John Halpin, a man who for the past 21 years has been the supervisor of a gang of carpenters in the New York City schools system, looks likely to lose his job after municipal apparatchiks tracked his movements via a city-issued mobile phone enabled with a GPS application and found that he had often been leaving work early.
In what is being seen as a very important and precedent-setting case, an administrative trial judge, Tynia Richard, has recommended that Mr. Halpin be dismissed from his post for leaving his work early and without permission on 83 specimen occasions between March 2 and Aug. 9, 2006.

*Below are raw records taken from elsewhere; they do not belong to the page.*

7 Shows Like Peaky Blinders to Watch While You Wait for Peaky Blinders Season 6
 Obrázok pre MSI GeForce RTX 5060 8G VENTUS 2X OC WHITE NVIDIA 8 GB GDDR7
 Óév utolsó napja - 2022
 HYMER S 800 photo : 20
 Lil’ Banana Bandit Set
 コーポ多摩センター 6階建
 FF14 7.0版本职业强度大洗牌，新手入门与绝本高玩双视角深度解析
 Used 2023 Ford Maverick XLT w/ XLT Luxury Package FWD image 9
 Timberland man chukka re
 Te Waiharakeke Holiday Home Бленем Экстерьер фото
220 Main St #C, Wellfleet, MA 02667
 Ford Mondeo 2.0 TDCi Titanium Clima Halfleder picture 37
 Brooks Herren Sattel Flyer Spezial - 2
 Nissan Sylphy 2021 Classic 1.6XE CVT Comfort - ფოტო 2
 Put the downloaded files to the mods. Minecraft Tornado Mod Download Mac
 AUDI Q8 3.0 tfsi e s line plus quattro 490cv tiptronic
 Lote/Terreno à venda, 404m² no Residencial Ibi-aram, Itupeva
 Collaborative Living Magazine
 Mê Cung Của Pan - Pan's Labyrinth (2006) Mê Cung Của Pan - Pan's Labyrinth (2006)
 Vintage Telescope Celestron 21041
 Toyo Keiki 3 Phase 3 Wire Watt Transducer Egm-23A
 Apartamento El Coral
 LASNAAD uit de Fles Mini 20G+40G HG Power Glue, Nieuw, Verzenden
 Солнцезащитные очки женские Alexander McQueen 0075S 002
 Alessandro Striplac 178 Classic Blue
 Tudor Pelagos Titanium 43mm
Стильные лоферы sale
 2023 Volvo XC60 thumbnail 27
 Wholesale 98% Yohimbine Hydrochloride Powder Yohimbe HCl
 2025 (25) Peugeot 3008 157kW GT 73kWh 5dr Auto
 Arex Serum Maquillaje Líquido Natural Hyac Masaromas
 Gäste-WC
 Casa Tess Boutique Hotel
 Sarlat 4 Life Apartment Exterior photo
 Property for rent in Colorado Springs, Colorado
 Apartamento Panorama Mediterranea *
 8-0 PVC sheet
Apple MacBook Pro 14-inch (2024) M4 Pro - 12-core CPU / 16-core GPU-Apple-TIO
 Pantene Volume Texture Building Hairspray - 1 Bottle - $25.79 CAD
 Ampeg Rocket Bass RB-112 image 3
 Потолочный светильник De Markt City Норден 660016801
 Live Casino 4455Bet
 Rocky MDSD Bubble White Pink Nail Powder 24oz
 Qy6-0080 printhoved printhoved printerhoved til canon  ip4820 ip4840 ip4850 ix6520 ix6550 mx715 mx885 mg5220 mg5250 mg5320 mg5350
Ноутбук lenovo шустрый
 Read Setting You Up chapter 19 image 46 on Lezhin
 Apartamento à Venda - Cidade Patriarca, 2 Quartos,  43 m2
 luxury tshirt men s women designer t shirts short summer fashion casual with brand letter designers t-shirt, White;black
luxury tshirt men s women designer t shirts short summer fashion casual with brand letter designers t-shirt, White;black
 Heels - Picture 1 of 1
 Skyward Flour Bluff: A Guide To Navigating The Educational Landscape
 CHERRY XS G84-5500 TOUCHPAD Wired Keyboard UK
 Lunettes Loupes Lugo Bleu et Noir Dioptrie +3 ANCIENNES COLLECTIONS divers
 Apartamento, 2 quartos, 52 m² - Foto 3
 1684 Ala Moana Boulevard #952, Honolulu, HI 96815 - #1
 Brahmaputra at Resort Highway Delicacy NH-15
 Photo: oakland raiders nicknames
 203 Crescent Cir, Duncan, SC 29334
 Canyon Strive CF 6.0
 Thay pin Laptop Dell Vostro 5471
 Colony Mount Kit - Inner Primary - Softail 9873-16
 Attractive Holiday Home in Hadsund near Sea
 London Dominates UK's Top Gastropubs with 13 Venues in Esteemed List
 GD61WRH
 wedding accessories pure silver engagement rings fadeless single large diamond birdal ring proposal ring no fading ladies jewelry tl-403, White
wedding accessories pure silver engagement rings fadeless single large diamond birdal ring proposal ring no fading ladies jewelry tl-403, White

John Halpin's hours of work are 08h00 to 15h30 – not exactly onerous – and city officials brought forward evidence to show that he was often logged by his GPS phone as being at his home co-ordinates at times varying between 13h40 and 14h40.
The case is causing a furore because the data allegedly showing that he was not at work when he should have been was taken from his mobile phone. Mr. Halpin accepted the offer of a municipally-provided free handset in 2005 but many of his co-workers, suspicious of a rare gratis gift from a notoriously parsimonious and controlling authority, declined the offer.
The case has prompted a renewed debate on privacy rights of US citizens and the emergence of what some believe to be an out-of-control surveillance society in the years following the September 11 terrorist attacks.
Civil liberties organisations and lawyers are making much of the fact that when Mr.